Not exactly cauldron’s snout.

It isn’t really a fair comparison but given the high visibilty we had on the day we went up cross fell and the enormity of Cauldron’s Snout I doubt very much if anything we see in the rest of the trip is really very likely to compare.

Doesn’t look so big from here

Hawes is hidden behind a hill which is actually very high (even for the Pennine Way) but for some reason even though you start off at a similar elevation it just doesn’t look anything like as imposing as Crossfell.

Thwaite, so small it’s hidden by this hill.

We met several walkers today who relayed news of a delightful little Tea Room in Thwaite. If only we had been able to walk a bit faster. Our average pace was quite a bit below two miles per hour and thus desperately keen to avoid being stuck out in the moors at night I was always very reluctant to stop anywhere for more than the minimum possible amount of time and so sadly we had to give it a miss.

Have you had a trip or fall anywhere?

We did, however, receive very exciting reports of beautiful flags all the way up Great Shunner Fell and they proved to be every word true. The final descent into Hawes was even described as “like a bowling green” which I think was a very slight exaggeration but even so it really was a delightful walk.

Flags, Flags, Flags!

Some of the Carins on the way up the fell were a little on the high side for me and I am quite sure my dad leaned against this one which struck me as a rather dangerous thing to do as it genuinely looks like it is about to fall over. I can imagine, however, that in thick mist having a taller Cairn can be a great advantage.


Rather surprisingly the Pennine Way is a little short of OS declared view points and Great Shunner Fell is in fact the only one that is officially declared. Sadly it was far too misty for us to get a trully impressive view. My pictures have not done Crossfell justice but it is very hard to imagine that the view from here could really be superior but perhaps it is. Since I don’t know what the criteria are I suppose I should not really judge them too harshly, perhaps accessiility is one of the criteria?

1110-pennine-way-the-view-from the-summit
We made it to the top.

On our final descent into Hawes for the first time on our trip so far which actually overtook someone.
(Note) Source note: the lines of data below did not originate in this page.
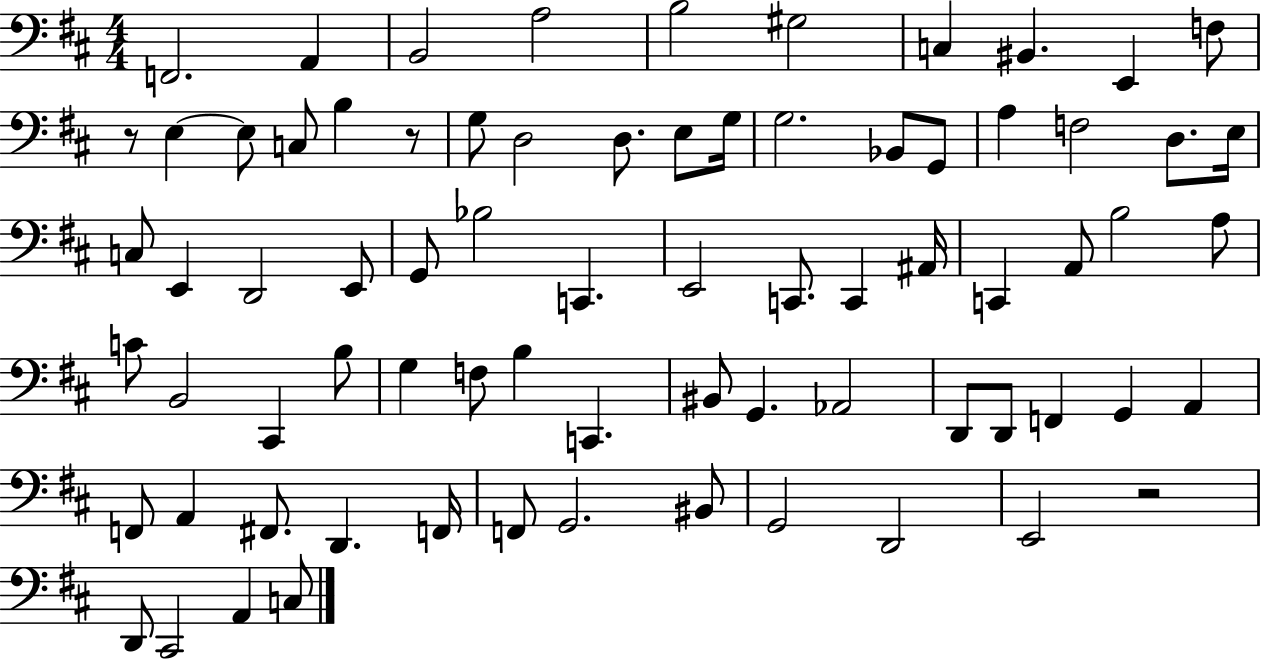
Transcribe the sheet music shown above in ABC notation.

X:1
T:Untitled
M:4/4
L:1/4
K:D
F,,2 A,, B,,2 A,2 B,2 ^G,2 C, ^B,, E,, F,/2 z/2 E, E,/2 C,/2 B, z/2 G,/2 D,2 D,/2 E,/2 G,/4 G,2 _B,,/2 G,,/2 A, F,2 D,/2 E,/4 C,/2 E,, D,,2 E,,/2 G,,/2 _B,2 C,, E,,2 C,,/2 C,, ^A,,/4 C,, A,,/2 B,2 A,/2 C/2 B,,2 ^C,, B,/2 G, F,/2 B, C,, ^B,,/2 G,, _A,,2 D,,/2 D,,/2 F,, G,, A,, F,,/2 A,, ^F,,/2 D,, F,,/4 F,,/2 G,,2 ^B,,/2 G,,2 D,,2 E,,2 z2 D,,/2 ^C,,2 A,, C,/2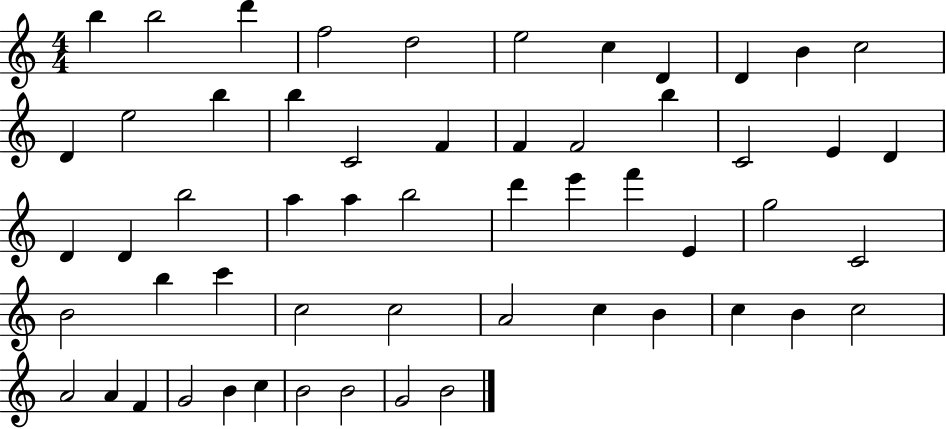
{
  \clef treble
  \numericTimeSignature
  \time 4/4
  \key c \major
  b''4 b''2 d'''4 | f''2 d''2 | e''2 c''4 d'4 | d'4 b'4 c''2 | \break d'4 e''2 b''4 | b''4 c'2 f'4 | f'4 f'2 b''4 | c'2 e'4 d'4 | \break d'4 d'4 b''2 | a''4 a''4 b''2 | d'''4 e'''4 f'''4 e'4 | g''2 c'2 | \break b'2 b''4 c'''4 | c''2 c''2 | a'2 c''4 b'4 | c''4 b'4 c''2 | \break a'2 a'4 f'4 | g'2 b'4 c''4 | b'2 b'2 | g'2 b'2 | \break \bar "|."
}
Sadly, for our ego at least, they were simply lost. I’m not sure why they were so worried as they were on the only path off the hill and it was going to where they wanted to go but they kept stopping and seemed very worried. We advised them to follow the Acorns to Hawes which they did successfully.

Like a Bowling Green

Much to my shock the YHA in Hawes does not have laundry facilities but it does cook a very good three course evening meal for less than a tenner. It took me a little while to find it with map provided by the tourist board but the laundrette was real but sadly would not be open until tomorrow morning.

Is that a laundrette I see before me?